Jan 30, 2014, 10:43 pm Last Edit: Jan 30, 2014, 10:45 pm by RomainP Reason: 1
Hi,

I got an Arduino for Christmas with the 10DOF GY-88 (the HMC5883L is part of it) and problems are coming ! So, this is my first big problem and my first post ! I hope you'll have the time to help me.

I'm re-coding a library to be able to use the magnetometer, in order to be sure to understand perfectly what I'm doing. Everything is fine with the code, but there is something I cannot explain : I'm assuming that the quantities I'm measuring in x, y and z are the magnetic intensity in those directions, so I would like to check that x²+y²+z² is constant when I move the sensor (if there are no disturbances of the earth's magnetic field), but it's not the case at all !!! this norm is varying a lot when the sensor moves. And it's not simply noise due to the movement : the norm stabilizes at another value. I get a norm  varying between 500 and 1500 (computed with the raw value I get) which is quite a lot...

I've got two hypothesis :
- The answer of the sensor is not linear, maybe affine ?
- The basis (x,y,z) of the sensor is not orthogonal

I tried to measure the maximum and minimum value for each axis, and I supposed the answer linear between those values. It's a bit better: the norm is varying between 90% and 110% but I'm not satisfied.. and this is not robust at all.. and why such an answer ?

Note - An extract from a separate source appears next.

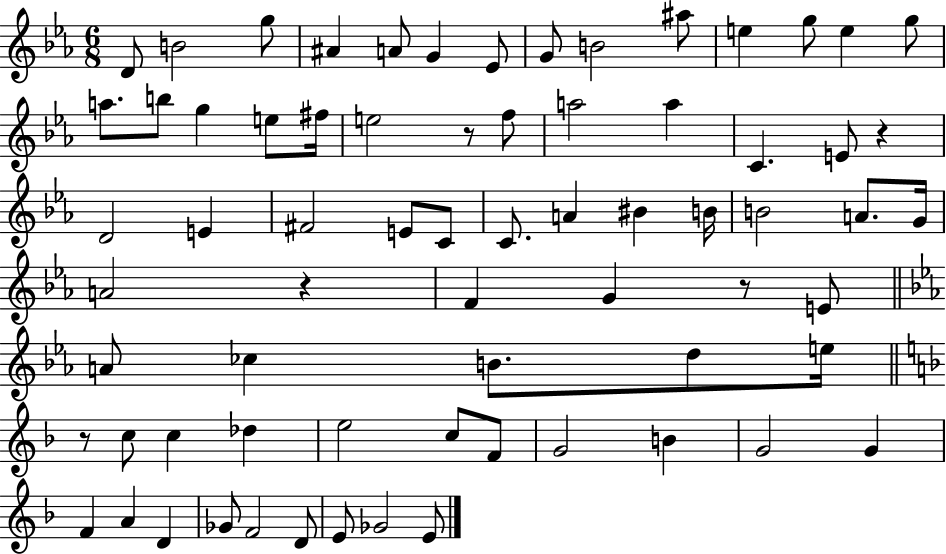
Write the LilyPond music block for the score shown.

Well, I don't get it. Then what am I actually measuring in x y z ?

I tried with another library, same result.

Thank you guys (and girls !) for your help !

PS: I'm French, so please excuse me for the potential mistakes.

jremington

#1
Jan 30, 2014, 10:53 pm Last Edit: Jan 30, 2014, 11:48 pm by jremington Reason: 1
The reason that the magnetometer vector norm is varying as you turn the sensor around (assuming there are no nearby disturbing magnetic fields) is that the magnetometer needs calibration. The gains and offsets on each axis are different and need to be compensated by external corrections.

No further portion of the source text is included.